The poetic equivalent of Pollack's painting has no meat, just as the paintings do not. In fact, they revel in their pointlessness and make up entire philosophies about how pointless they and everything else is (a.k.a. "postmodernism"). I'll refrain from commenting too much on how I regard postmodernism (though you can probably guess) and simply make the on-topic observation that it's really damned easy to fake post-modern poetry, whereas faking Poe is hard. Hence, this computer-generated poetry does not impress me on any level, even a technical one. One that at least matched Poe on some coherent level would.
Of course I just chose him because he is a personal favorite; there are many other poets with substance.
(Side note: I'm amused somebody bothered to mod my post "overrated"; apparently somebody's definition of "nerd" is too narrow. I may have a degree in Comp. Sci. but I can still be interested... or "anti-interested" as the case may be... in poetry, and so can other nerds.)

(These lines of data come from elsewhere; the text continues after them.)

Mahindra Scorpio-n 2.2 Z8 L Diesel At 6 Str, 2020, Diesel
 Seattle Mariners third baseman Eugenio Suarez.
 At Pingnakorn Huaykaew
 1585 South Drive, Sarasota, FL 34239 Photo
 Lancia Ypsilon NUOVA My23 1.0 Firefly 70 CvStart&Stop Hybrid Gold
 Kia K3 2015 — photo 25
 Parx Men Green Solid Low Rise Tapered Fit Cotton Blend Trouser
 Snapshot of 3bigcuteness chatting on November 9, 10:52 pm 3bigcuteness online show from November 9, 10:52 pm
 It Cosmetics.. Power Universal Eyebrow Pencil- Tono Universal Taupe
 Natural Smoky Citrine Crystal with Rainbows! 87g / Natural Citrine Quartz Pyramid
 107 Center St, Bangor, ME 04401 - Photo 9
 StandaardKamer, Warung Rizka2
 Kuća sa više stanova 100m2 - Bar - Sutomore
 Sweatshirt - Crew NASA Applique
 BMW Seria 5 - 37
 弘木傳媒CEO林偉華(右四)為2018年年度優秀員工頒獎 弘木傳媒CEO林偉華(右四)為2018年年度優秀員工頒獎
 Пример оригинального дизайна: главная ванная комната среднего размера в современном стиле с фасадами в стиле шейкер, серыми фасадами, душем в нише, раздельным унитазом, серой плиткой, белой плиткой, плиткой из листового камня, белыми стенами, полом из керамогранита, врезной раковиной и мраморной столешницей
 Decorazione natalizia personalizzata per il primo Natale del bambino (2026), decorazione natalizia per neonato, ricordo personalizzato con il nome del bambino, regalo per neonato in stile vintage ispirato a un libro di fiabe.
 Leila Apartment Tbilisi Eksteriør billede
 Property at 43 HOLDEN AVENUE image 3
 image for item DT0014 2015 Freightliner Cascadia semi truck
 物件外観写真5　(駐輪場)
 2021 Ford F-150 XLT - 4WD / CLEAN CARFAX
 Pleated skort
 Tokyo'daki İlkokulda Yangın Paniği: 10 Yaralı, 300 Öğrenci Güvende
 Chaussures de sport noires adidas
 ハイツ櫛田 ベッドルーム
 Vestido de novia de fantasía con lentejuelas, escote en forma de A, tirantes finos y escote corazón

Having read some of the generated "poetry", I think this speaks more to the pointlessness of modern poetry more then it reflects well on Kurzweil. Show me a poem with real meat, like, say, Poe wrote, and I'd be much more impressed.
Put a modern poem in front of me and some of the fully random poetry I've seen and I can't tell the difference; if a random algorithm works that well, anything can work that well. There's just no meaningful information, in the information-theoretic sense, in a modern poem of that length.
I don't know whether to be impressed; somebody feed it Poe and tell me how it does. If it's any good, then I'll be impressed.
Yeah, I know this one site with thousands of books, only a handful of which have their author's permissions.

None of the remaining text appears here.